An exact copy of the data is needed, but without any of its images.

Recorded data:

- - - - -

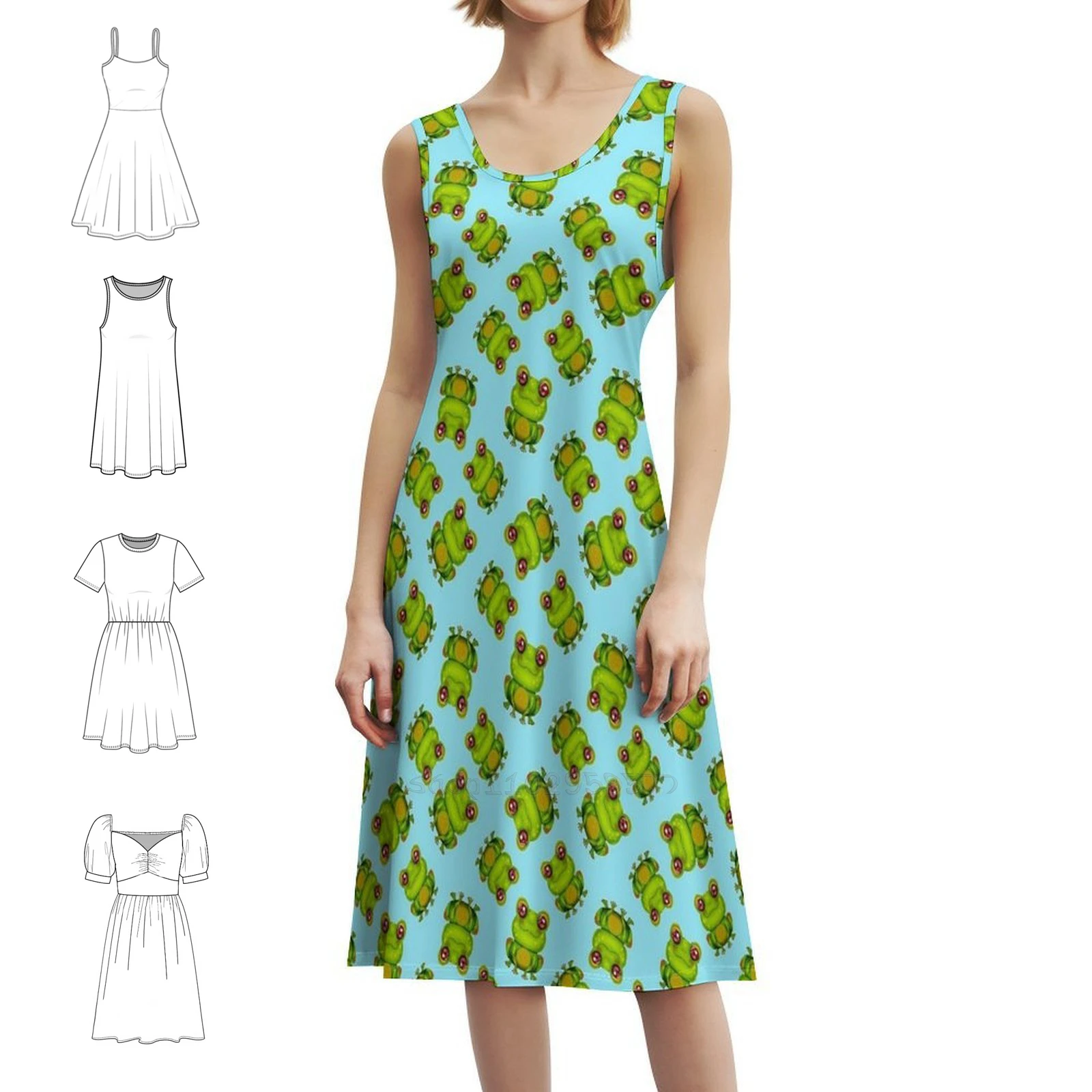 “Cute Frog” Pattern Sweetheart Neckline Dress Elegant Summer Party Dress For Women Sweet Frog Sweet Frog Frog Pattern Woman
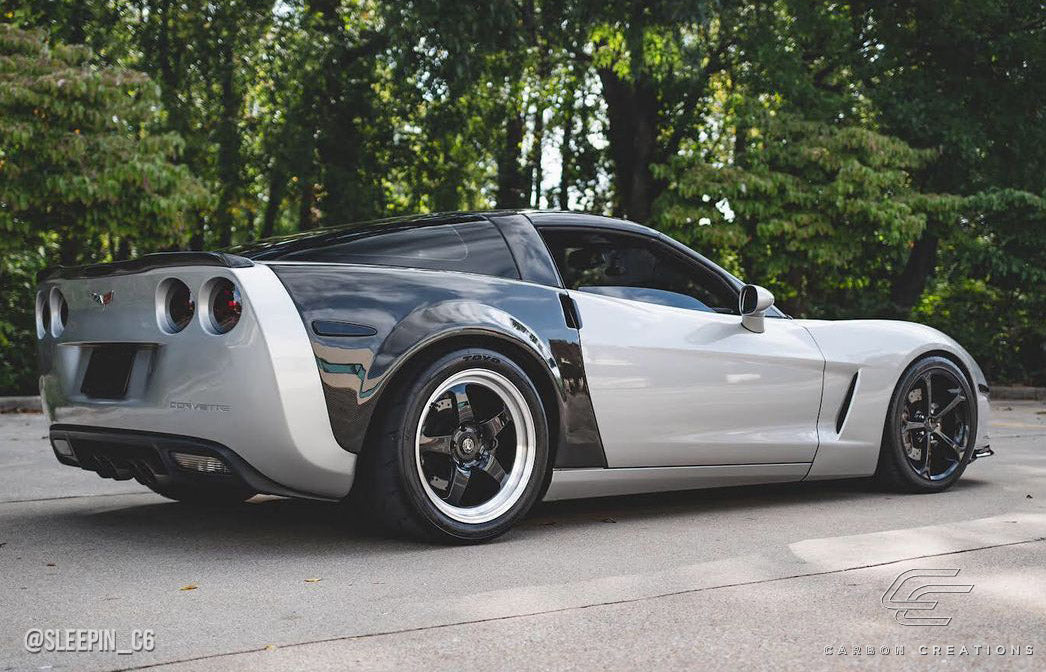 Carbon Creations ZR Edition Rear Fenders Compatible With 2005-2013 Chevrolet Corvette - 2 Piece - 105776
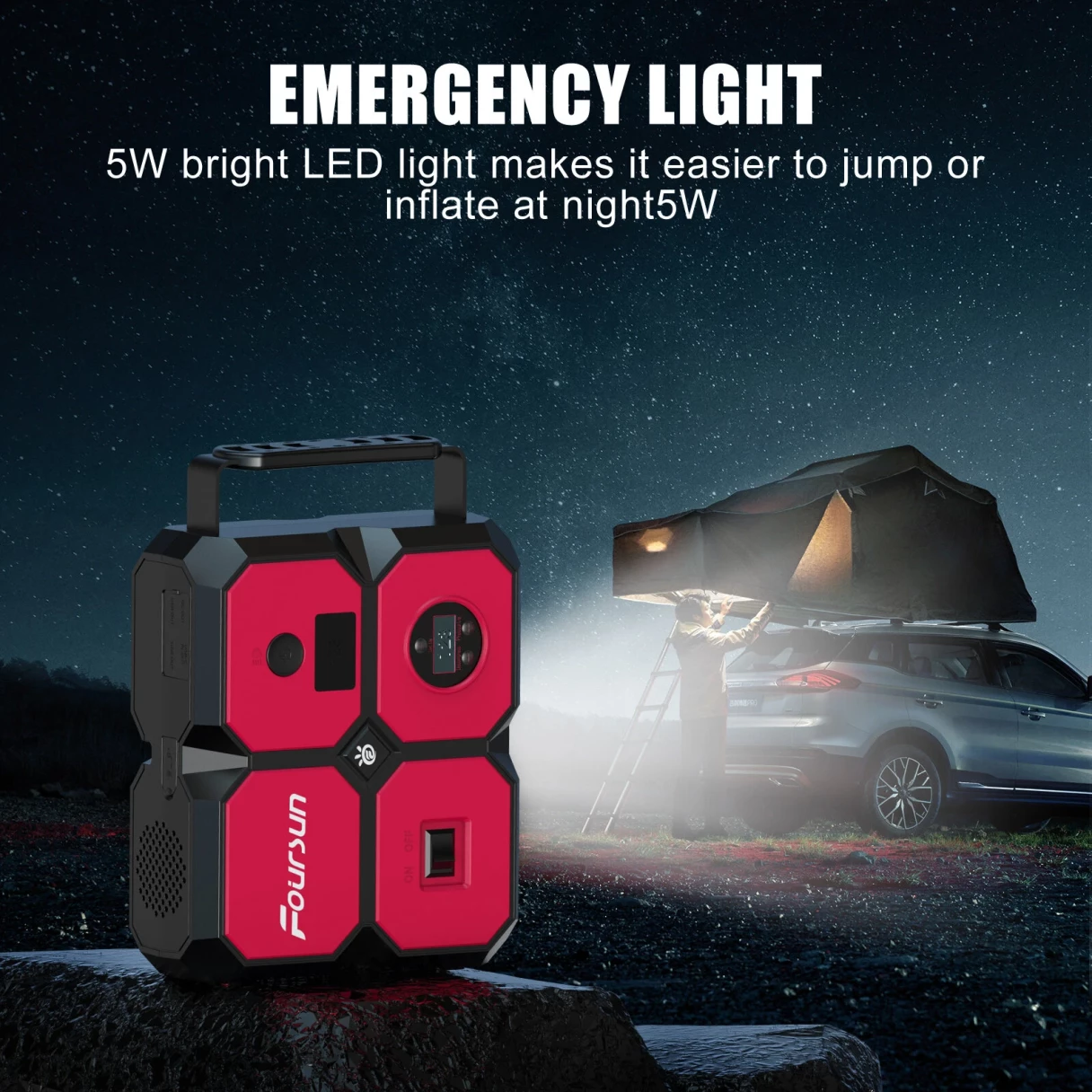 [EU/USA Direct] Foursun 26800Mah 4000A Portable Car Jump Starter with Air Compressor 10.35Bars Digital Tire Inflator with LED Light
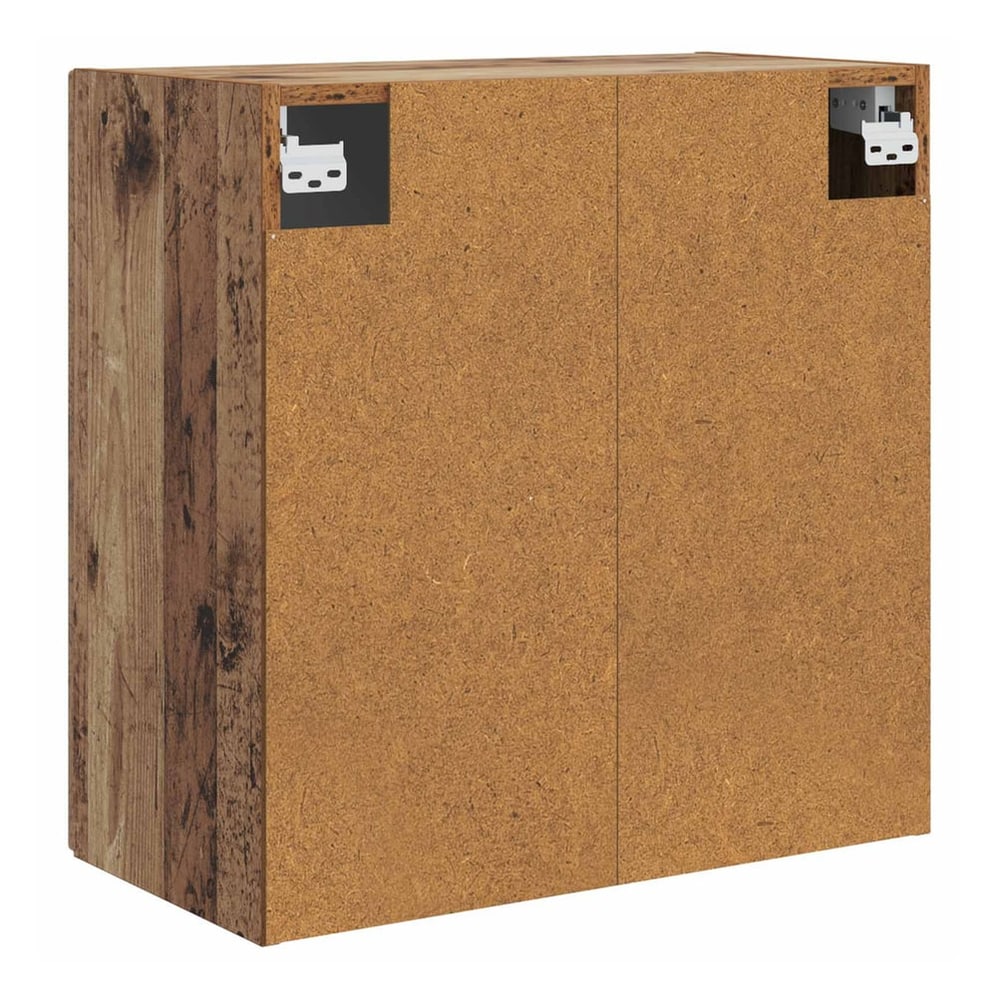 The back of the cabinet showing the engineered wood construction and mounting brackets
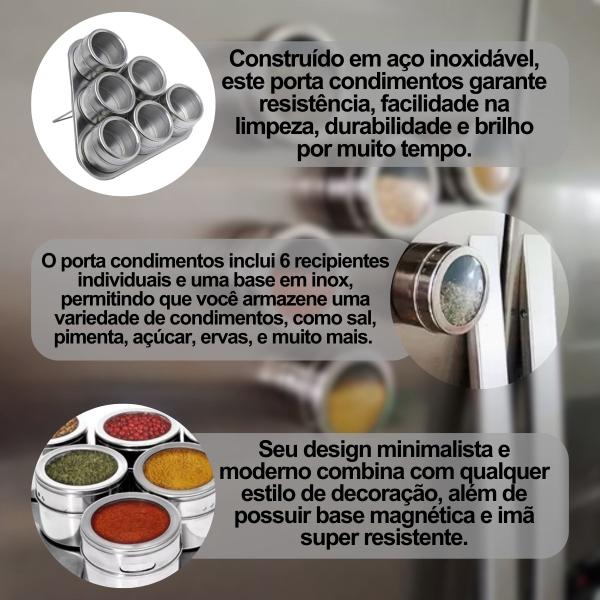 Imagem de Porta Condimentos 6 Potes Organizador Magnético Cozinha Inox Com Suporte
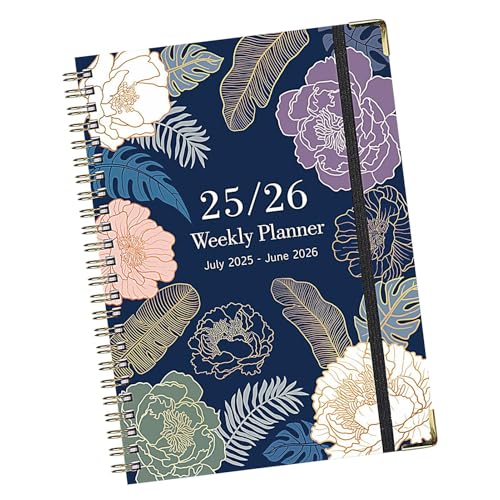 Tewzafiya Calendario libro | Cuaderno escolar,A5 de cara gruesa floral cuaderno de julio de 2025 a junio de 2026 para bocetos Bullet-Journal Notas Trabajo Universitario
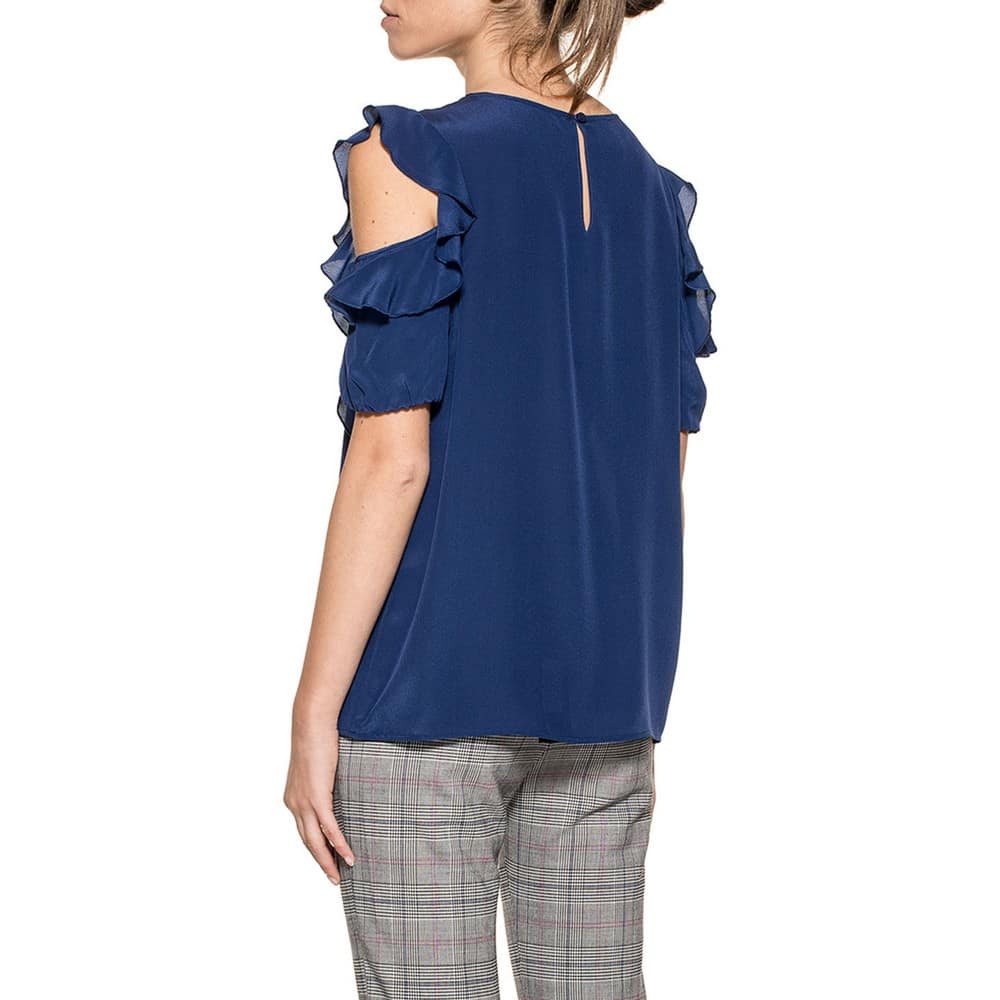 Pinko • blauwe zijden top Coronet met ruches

- - - - -

Written response:
 “Cute Frog” Pattern Sweetheart Neckline Dress Elegant Summer Party Dress For Women Sweet Frog Sweet Frog Frog Pattern Woman
 Carbon Creations ZR Edition Rear Fenders Compatible With 2005-2013 Chevrolet Corvette - 2 Piece - 105776
 [EU/USA Direct] Foursun 26800Mah 4000A Portable Car Jump Starter with Air Compressor 10.35Bars Digital Tire Inflator with LED Light
 The back of the cabinet showing the engineered wood construction and mounting brackets
 Imagem de Porta Condimentos 6 Potes Organizador Magnético Cozinha Inox Com Suporte
 Tewzafiya Calendario libro | Cuaderno escolar,A5 de cara gruesa floral cuaderno de julio de 2025 a junio de 2026 para bocetos Bullet-Journal Notas Trabajo Universitario
 Pinko • blauwe zijden top Coronet met ruches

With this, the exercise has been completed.